Closely held Getco, which plans to go public through the Knight deal, earned $16.2 million in 2012, down from $162.7 million in 2011, and well off its 2008 profit of $430 million.
Revenue at the Chicago-based company was down 39.8 percent in 2012, to $551.5 million.
The results highlight the pressure on trading firms from a long list of factors, from increased competition and regulatory oversight, to the tepid global economic recovery, low interest rates, and the continued crisis in European debt markets.
Just under 69 percent of Getco’s trading revenue came from equities in 2012, with 21 percent derived from fixed income and nearly 11 percent from commodities and foreign exchange.
Average daily volume for U.S. cash equities was down 18 percent in 2012 from the year earlier, Getco said. Average volatility across the products Getco traded hit a five-year low.
As a market maker - a firm that buys and sells securities, providing liquidity to the market by maintaining continuous buy and sell quotes - the bulk of Getco’s profit comes from the difference in the prices at which it buys and sells securities.
“Although the impact is difficult to quantify, the recent sustained levels of low volume and volatility have exposed Getco and other market making firms to greater risk with lower profit potential,” the company said in the filing.
The difference between the bid price and ask price is normally greatest during times of increasing market volatility. But since volatility has been so low, Getco said it has begun to develop strategies that would involve it holding positions for longer periods of time.

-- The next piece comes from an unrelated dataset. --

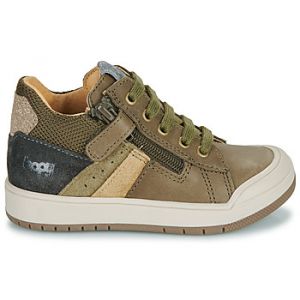 Baskets montantes enfant Bopy VOLT Kaki - Taille 24,25,26,27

Getco also said it continued to lose market share in 2012 to both U.S. and European competitors. Its share of U.S. cash equity trades fell to 5 percent from 9 percent, its share of U.S. equity futures fell to 4 percent from 8 percent, and its share of U.S. fixed income cash treasuries dropped to 8 percent from 18 percent.
In Europe, Getco’s share of cash equities fell to 3 percent from 7 percent, while its share of equity futures tumbled to 13 percent from 20 percent.
The deal with Knight is expected to close in the first half of 2013.
Getco said long-term trends are favorable. It said regulatory-driven de-risking of large banks is expected to open up fixed-income markets to more competition. It also said the improved transparency and access driven by implementation of the Dodd-Frank Act would open up markets such as interest rate swaps to new participants, like Getco.